• Laura

Coconut Prawn Curry

A gluten free coconut prawn curry and rice on a plate and a white background, with a fork and wedge of lime visible.

It just started snowing everywhere in Croatia, even though it's April and even though it did not snow in Rijeka for Christmas or at all during the winter. So it's a good day to make a warming recipe that will hug you with its warmth and lull you to sleep on this weird-weather day. It is super easy and quick to make, and uses store-bought frozen prawns which don't even need prior defrosting. Add some coconut milk, curry paste and rice and you've got yourself a delicious and healthy meal!


250 gr prawns

2 cloves garlic

1 cm fresh ginger

2 bay leaves

2-3 kaffir lime leaves

1 tsp curry paste

1 tsp curry powder or ras el hanout

200 ml coconut milk

1 can (400 gr) chopped tomatoes



fresh parsley or cilantro


1. In a pan, heat olive oil and fry the finely chopped ginger and garlic and spices: curry paste, curry powder or ras el hanout powder, bay leaves, and kaffir lime leaves. If you're using dried kaffir lime leaves like me, you can rehydrate them for five minutes before starting to cook in warm water.

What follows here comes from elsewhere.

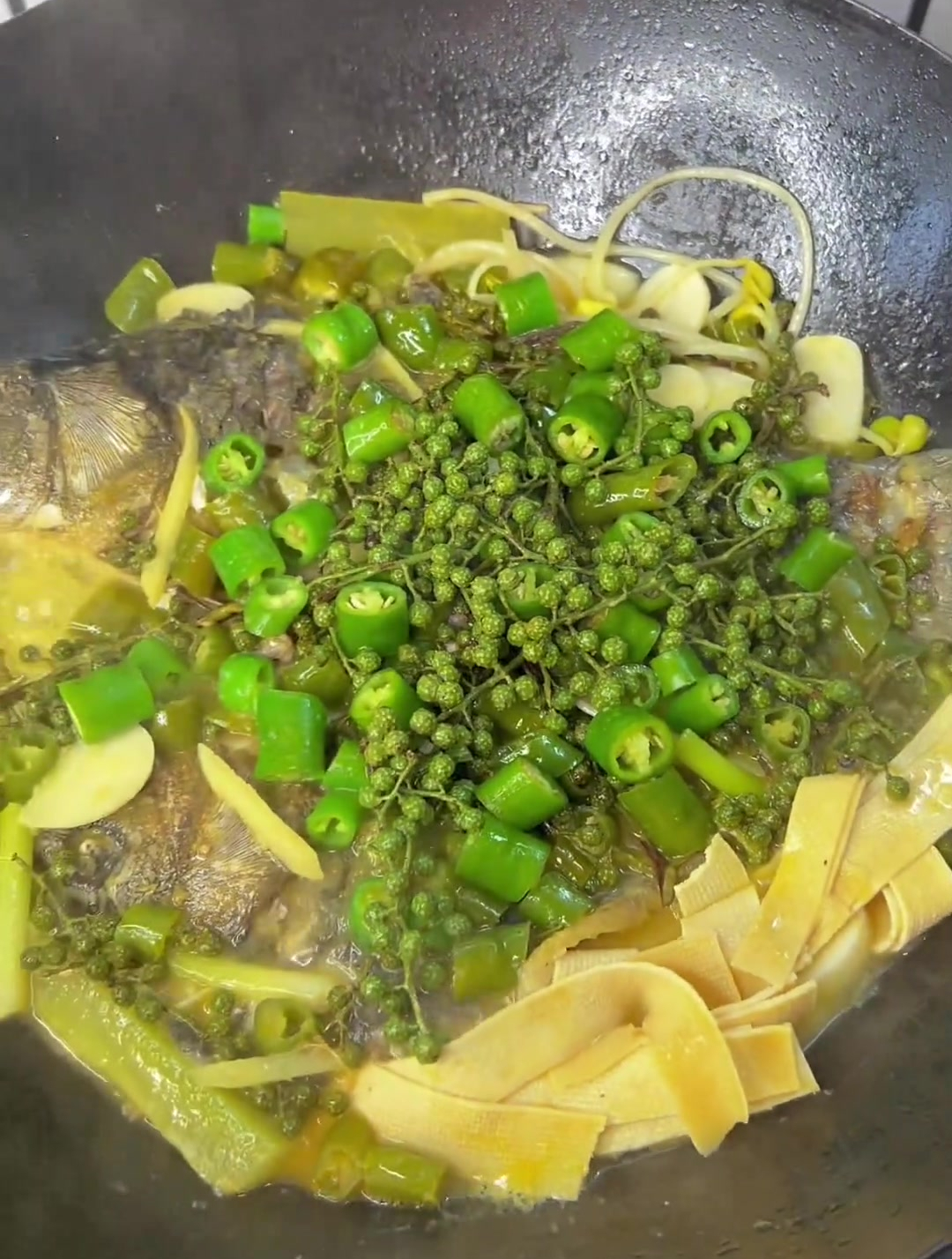 哪个地方的女人最会做饭?来跟我比比这道藤椒鱼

2. Add the prawns and fry them in the spiced oil for a minute while stirring.

3. Add the chopped tomatoes and cook for a few minutes. Then take your coconut milk can and add only the fatty condensed part (if you've shaken your can so both the fatty and watery part of the coconut milk have combined, just use 200 ml of the milk).

4. Cook until the mixture reduces to a thick sauce.

5. Serve immediately with cooked rice. Add fresh lime juice and chopped parsley or cilantro while serving. Bon appetit!